I love having PDFs. They mean I can just take my laptop to the game and not need to have the 20 kg of books I'd need to bring. However, I hate using them.
If reading from a screen is hard on your eyes, I'd recommend getting an LCD monitor and putting a lamp behind it; I backlight my flat panels with 90W-equivalent CFL lamps, and it makes them far easier on the eyes.

Also, Adobe Reader's full screen mode is much clearer than the regular mode; whenever I actually read documents in pdf, that's how I do it.

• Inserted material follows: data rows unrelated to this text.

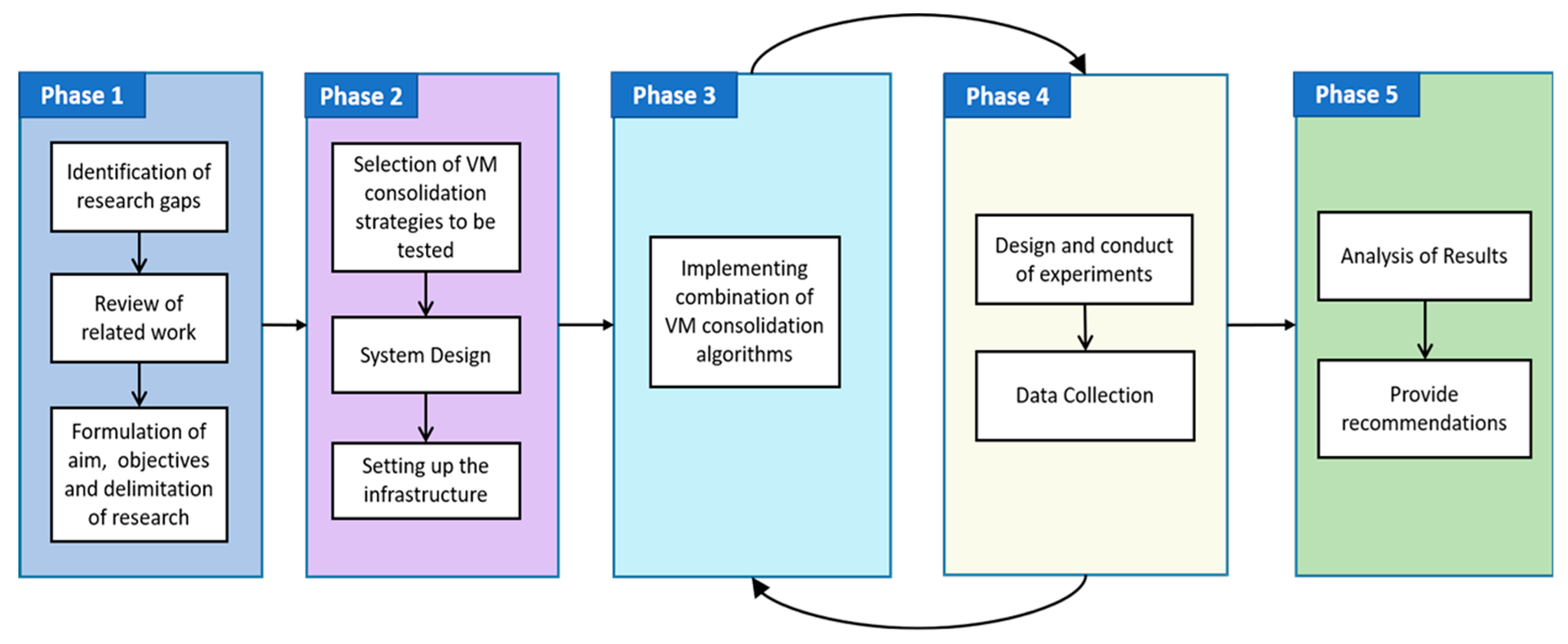 PDF] Managing Overloaded Hosts for Dynamic Consolidation of Virtual  Machines in Cloud Data Centers under Quality of Service Constraints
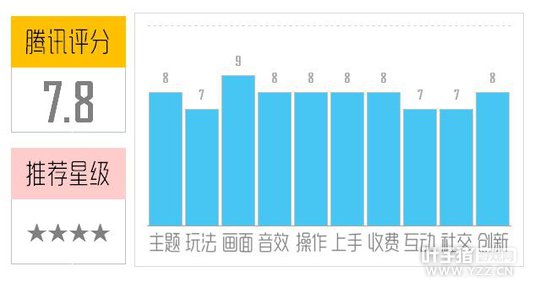 �����塷���⣺Ǳ��Ұ���ǵ�����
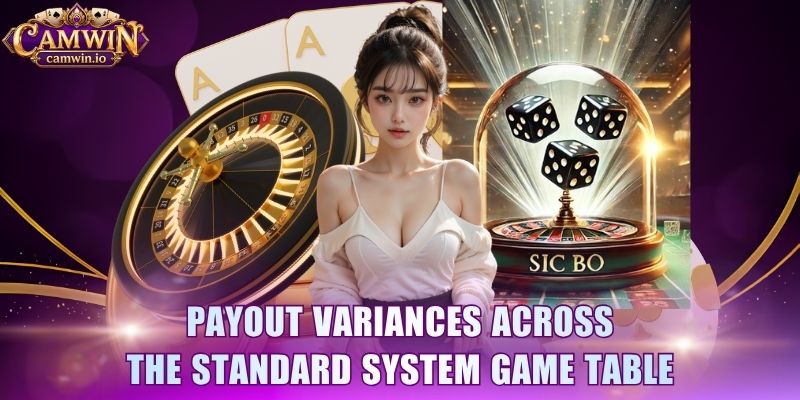 Payout variances across the standard system game table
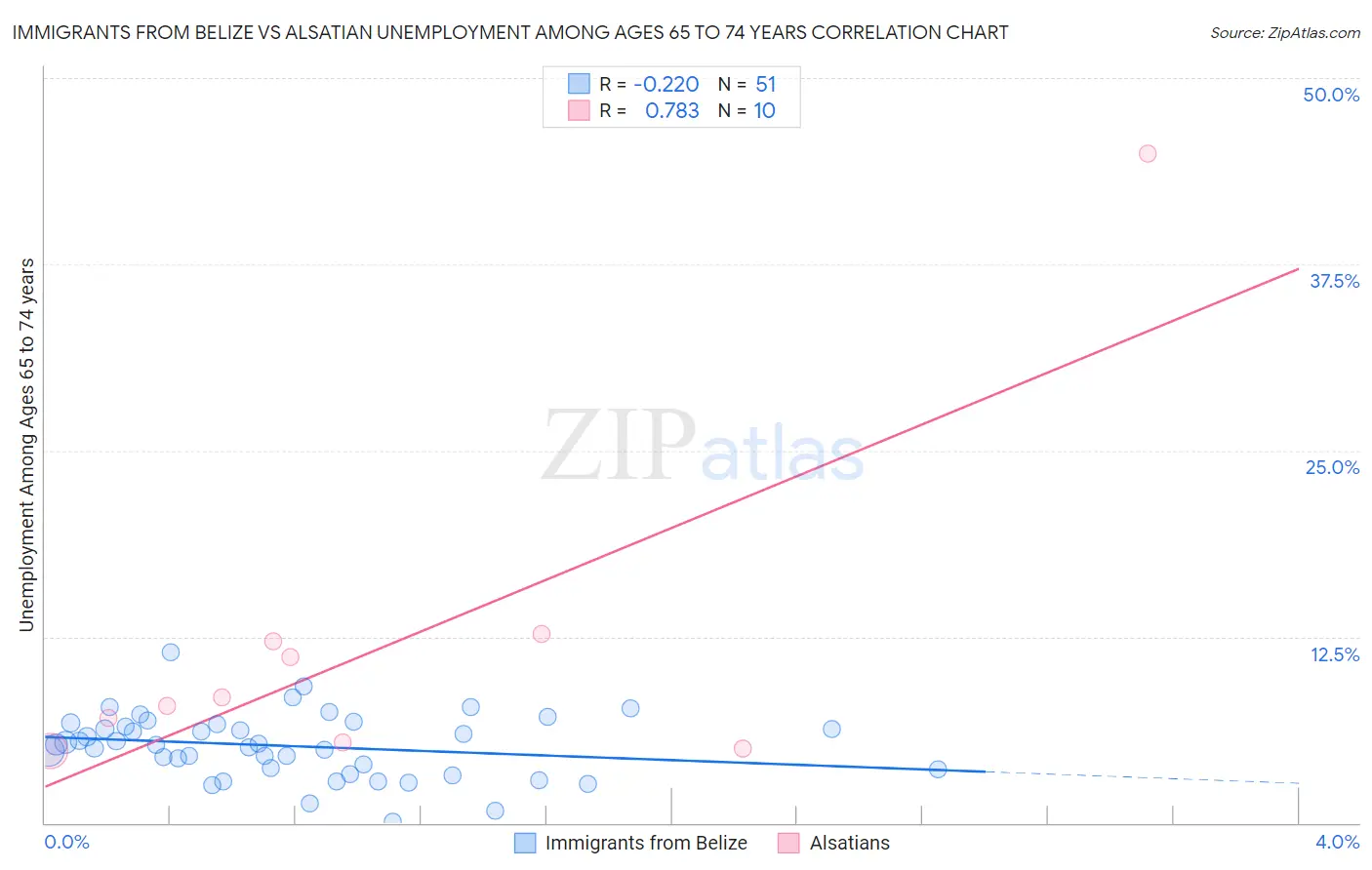 Immigrants from Belize vs Alsatian Unemployment Among Ages 65 to 74 years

Eventually, someone will either get e-Paper or OLED displays on the market, which should really fix this. Come on, future! ;)
Dr. Awkward said:
Also, my feature request: Robust Bookmarks and Searchable Index. Nothing's more annoying than being unable to find something in a PDF in the same amount time as it takes me to leaf through the hardcover.
Amen! For that matter, everything really ought to hot-link: all conditions, spell names, class names, etc. If it was important enough to italicize, bold, or capitalize it ought to hot-link.
 

Nom

First Post
Groups and Watermarking

A decent watermark will allow a non-DRM PDF to be shared within a family. I'm not going to bat an eyelid at sharing a PDF that prominently and frequently features my D&D account name (or, at the extreme, even my credit card details) with wife. There's no way I'm going to share it more generally, though.

This technique wont work as well for paid-DDI integration. One way to handle this would be to allow a small (2? 3? 5?) number of paid-DDI accounts to access the database from a single book code, but all secondary codes must be paid for by the secondary user and verified manually from the main account within 15 minutes of being registered. Secondary codes would not give access to the PDF (you get that directly from the primary user), merely the database integration. Easy to allow a small number of registered users, but any misuse can easily be handled by clicking the 'report as suspicious' rather than 'accept' button. The main user should also be able to deregister any secondary accounts.


As for sample copies, the SRD actually fulfils that role rather well. I returned to D&D at the time of the 3.0 -> 3.5 switch, and did so because I was able to read the SRD rules and think "hey, they've made some serious improvements here".


As for printed book + PDF vs PDF, you need to ask yourself whether what you want is the convenience of having the book as a PDF and don't care about the hard copy (in which case just buy the whole package and leave the book in a box somewhere) or whether you actually want the book at a significant discount by just buying the PDF. The reality of the latter situation is that most IP business picks a target price for their product and then ensures that the creation cost + manufacturing and shipping cost fits within that guide. The hard copy of a book is not "the product", merely a common and convenient mechanism for shipping it. Thus, while shipping as a PDF is certainly cheaper, it's naive and unreasonable to expect more than a token discount.

Thus, it's quite consistent (and friendly) for WotC to offer to provide a PDF along with the book for only a token fee, and the rationale for providing that fee makes sense. A token fee and a broad electronic "paper-trail" will discourage casual piracy and misuse. And there's nothing stopping them integrating a PDF-only option (at something close to full retail price) as well.
 

Raven Crowking

First Post
Nom said:
A decent watermark will allow a non-DRM PDF to be shared within a family. I'm not going to bat an eyelid at sharing a PDF that prominently and frequently features my D&D account name (or, at the extreme, even my credit card details) with wife. There's no way I'm going to share it more generally, though.

Tell me it's fine when you print off a map for Sunday's game, and it goes missing, and someone has your name and credit card details! :lol:

Name is one thing, credit card is another.